カウンセリングや心理学講師の仕事だけを「本業」と呼ぶのをやめてみたらどうだろうか?思い切って「歌も仕事」「私は歌手です」と名乗ってもいいのではないか?
マンボランドのオーナーに「声を張る方やね、シャウトするのね」と言われたのを、私は「何もそんなに力まんでも…」という非難と解釈してしまう。「つい力が入っちゃって、軽く歌えないんです」なんて言い訳している。オーナーは「それもいいと思うよ、個性だもん」と言ってくれているのに…。
その道だけに勤しんできた歌唱力のある人に後ろめたい、所詮片手間のアマチュアだ、と自分をディスカウントしてしまう。そこを思い切って、「私の歌を気に入る人も気に入らない人もいて構わない」と開き直らないと、また中途半端にしそうだ。
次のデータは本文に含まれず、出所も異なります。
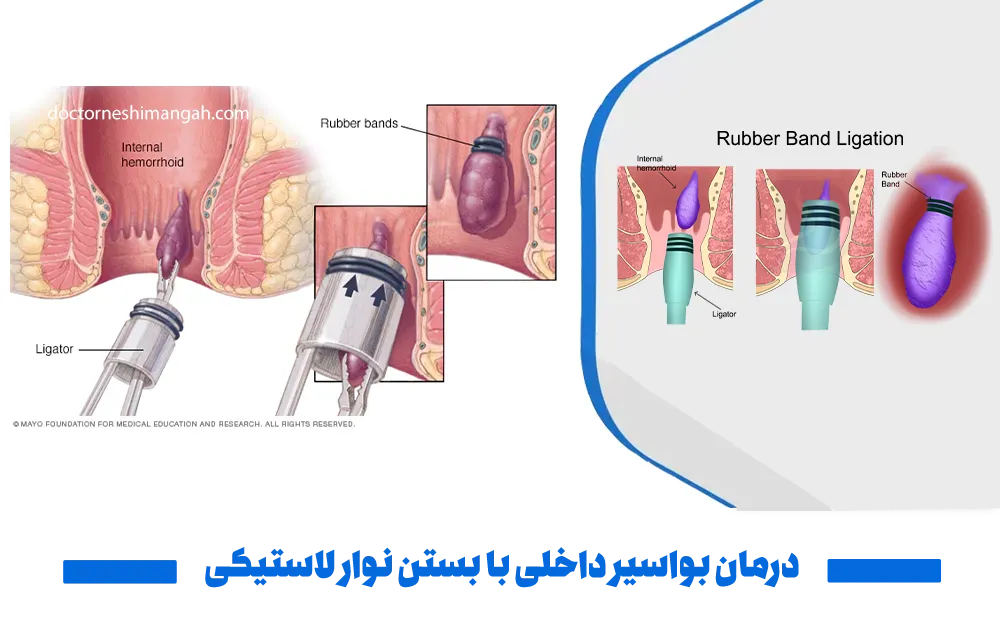 درمان بواسیر داخلی با بستن نوار لاستیکی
脚本のスタイルに「あと少しのところで」というのがある。いい線まで行っても完成させないで失敗にことを終える。これに「…するまでは」脚本、お金が貯まるまでは、仕事が軌道に乗るまでは、子どもが巣立つまでは、などと言ってやりたいことを先延ばしにする脚本が組み合わさると、一生自己実現をしない脚本ができあがる。
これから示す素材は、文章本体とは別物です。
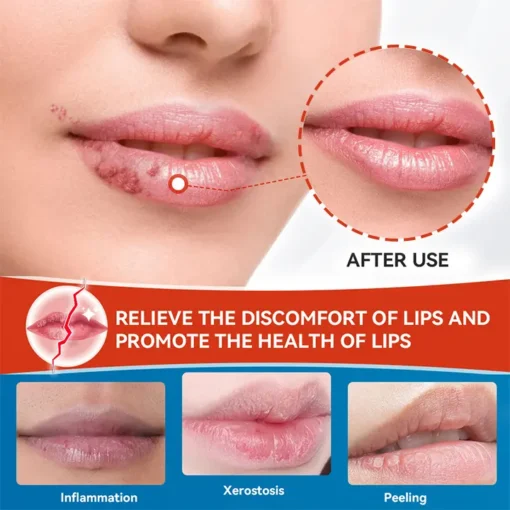 LIMETOW™ Cheilitis Cream - Image 3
二十余年も心理職を続けてきた、その今の私に、再び歌の縁が戻ってきた理由がわかった。そんな古い脚本を手放すためだ。心理療法家の私、歌う私、二つに分断されていた自分がやっと繋がった。
折しも諦めていた亡き父の思い出の曲に再び巡り会えて、思わず涙が溢れた。これが私の歌の原点だ。そしてもう一つ発見があった。亡き恩師の許で私が脚本分析を受けていた時の資料が出てきた。当時の脚本の詳細なチェックリストを眺め直し、明らかに今の自分の人生が当時と変わっているのを再確認した。
私は人生の心残りをやり直したい。決してそのままにして死にたくない。物心ついた時から1日も歌わない日はなかった。今度こそ完結させたい。やっぱり歌いたい!ステージに立ちたい!声を限りに歌いたい!もう駄目だ、その思いに二度と蓋はできない!
思い出の曲の譜起こしを誰かに頼もう。「マンマ〜コニー・フランシス版」、幼い頃に歌った曲を、もう一度この声で歌ってみたい。